Extracted records:
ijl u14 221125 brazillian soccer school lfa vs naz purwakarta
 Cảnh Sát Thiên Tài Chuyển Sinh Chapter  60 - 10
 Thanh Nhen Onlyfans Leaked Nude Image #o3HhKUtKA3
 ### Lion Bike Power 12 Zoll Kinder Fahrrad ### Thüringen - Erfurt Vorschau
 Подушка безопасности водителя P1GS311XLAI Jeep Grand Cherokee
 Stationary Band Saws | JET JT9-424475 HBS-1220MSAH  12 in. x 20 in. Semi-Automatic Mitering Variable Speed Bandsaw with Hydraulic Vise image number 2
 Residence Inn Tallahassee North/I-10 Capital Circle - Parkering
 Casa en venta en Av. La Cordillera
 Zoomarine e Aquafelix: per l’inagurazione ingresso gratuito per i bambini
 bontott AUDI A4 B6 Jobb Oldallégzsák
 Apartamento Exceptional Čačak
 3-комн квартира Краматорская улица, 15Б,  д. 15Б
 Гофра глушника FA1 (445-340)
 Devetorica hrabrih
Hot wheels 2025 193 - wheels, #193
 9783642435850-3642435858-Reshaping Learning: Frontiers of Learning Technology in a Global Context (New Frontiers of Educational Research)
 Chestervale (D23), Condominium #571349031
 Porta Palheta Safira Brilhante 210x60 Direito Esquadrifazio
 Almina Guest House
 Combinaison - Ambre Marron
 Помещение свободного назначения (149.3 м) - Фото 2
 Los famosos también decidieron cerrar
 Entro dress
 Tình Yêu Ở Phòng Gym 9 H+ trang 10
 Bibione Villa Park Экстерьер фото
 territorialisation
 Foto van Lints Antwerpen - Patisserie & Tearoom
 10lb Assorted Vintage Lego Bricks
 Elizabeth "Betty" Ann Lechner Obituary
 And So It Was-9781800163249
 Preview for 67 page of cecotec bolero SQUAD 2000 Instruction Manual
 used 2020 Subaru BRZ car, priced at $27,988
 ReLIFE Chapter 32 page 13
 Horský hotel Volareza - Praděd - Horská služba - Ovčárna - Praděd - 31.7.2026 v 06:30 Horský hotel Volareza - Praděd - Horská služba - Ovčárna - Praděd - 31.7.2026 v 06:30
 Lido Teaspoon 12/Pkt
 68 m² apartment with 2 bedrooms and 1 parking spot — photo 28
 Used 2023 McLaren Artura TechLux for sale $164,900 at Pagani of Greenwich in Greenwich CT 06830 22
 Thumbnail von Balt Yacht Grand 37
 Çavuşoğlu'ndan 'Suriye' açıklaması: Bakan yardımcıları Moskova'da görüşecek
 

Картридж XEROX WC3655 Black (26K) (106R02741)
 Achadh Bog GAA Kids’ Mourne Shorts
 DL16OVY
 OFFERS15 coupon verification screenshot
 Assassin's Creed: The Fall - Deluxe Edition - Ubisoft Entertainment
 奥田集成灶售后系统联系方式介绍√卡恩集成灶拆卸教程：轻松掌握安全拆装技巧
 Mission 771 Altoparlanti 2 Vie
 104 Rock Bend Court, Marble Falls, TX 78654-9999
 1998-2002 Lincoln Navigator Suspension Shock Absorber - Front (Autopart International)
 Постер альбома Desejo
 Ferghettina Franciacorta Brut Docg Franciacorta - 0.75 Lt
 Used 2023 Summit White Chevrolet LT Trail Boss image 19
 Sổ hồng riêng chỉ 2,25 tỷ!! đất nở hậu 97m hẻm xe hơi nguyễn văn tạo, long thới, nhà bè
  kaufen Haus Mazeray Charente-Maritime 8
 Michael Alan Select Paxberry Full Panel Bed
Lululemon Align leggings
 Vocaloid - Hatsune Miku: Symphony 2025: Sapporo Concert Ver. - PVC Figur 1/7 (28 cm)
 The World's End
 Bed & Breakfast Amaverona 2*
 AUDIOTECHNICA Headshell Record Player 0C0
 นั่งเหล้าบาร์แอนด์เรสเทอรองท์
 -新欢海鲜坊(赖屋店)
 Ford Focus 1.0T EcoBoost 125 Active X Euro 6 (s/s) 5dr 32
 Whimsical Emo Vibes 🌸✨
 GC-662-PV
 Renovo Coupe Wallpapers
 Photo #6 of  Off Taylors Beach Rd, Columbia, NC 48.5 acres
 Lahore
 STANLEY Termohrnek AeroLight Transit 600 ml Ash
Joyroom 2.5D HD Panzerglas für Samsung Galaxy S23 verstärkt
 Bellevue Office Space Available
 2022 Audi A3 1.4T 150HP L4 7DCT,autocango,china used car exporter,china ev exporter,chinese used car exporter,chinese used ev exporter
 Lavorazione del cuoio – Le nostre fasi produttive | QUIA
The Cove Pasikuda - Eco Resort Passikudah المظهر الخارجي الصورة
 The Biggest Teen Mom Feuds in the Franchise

» Exercise aim: Out of the data above, transcribe exactly and only the lines starting with the line that has "Картридж XEROX WC3655 Black (26K) (106R02741)" and going on through the line that has "Bellevue Office Space Available", both included.

» Response to this exercise:
Картридж XEROX WC3655 Black (26K) (106R02741)
 Achadh Bog GAA Kids’ Mourne Shorts
 DL16OVY
 OFFERS15 coupon verification screenshot
 Assassin's Creed: The Fall - Deluxe Edition - Ubisoft Entertainment
 奥田集成灶售后系统联系方式介绍√卡恩集成灶拆卸教程：轻松掌握安全拆装技巧
 Mission 771 Altoparlanti 2 Vie
 104 Rock Bend Court, Marble Falls, TX 78654-9999
 1998-2002 Lincoln Navigator Suspension Shock Absorber - Front (Autopart International)
 Постер альбома Desejo
 Ferghettina Franciacorta Brut Docg Franciacorta - 0.75 Lt
 Used 2023 Summit White Chevrolet LT Trail Boss image 19
 Sổ hồng riêng chỉ 2,25 tỷ!! đất nở hậu 97m hẻm xe hơi nguyễn văn tạo, long thới, nhà bè
  kaufen Haus Mazeray Charente-Maritime 8
 Michael Alan Select Paxberry Full Panel Bed
Lululemon Align leggings
 Vocaloid - Hatsune Miku: Symphony 2025: Sapporo Concert Ver. - PVC Figur 1/7 (28 cm)
 The World's End
 Bed & Breakfast Amaverona 2*
 AUDIOTECHNICA Headshell Record Player 0C0
 นั่งเหล้าบาร์แอนด์เรสเทอรองท์
 -新欢海鲜坊(赖屋店)
 Ford Focus 1.0T EcoBoost 125 Active X Euro 6 (s/s) 5dr 32
 Whimsical Emo Vibes 🌸✨
 GC-662-PV
 Renovo Coupe Wallpapers
 Photo #6 of  Off Taylors Beach Rd, Columbia, NC 48.5 acres
 Lahore
 STANLEY Termohrnek AeroLight Transit 600 ml Ash
Joyroom 2.5D HD Panzerglas für Samsung Galaxy S23 verstärkt
 Bellevue Office Space Available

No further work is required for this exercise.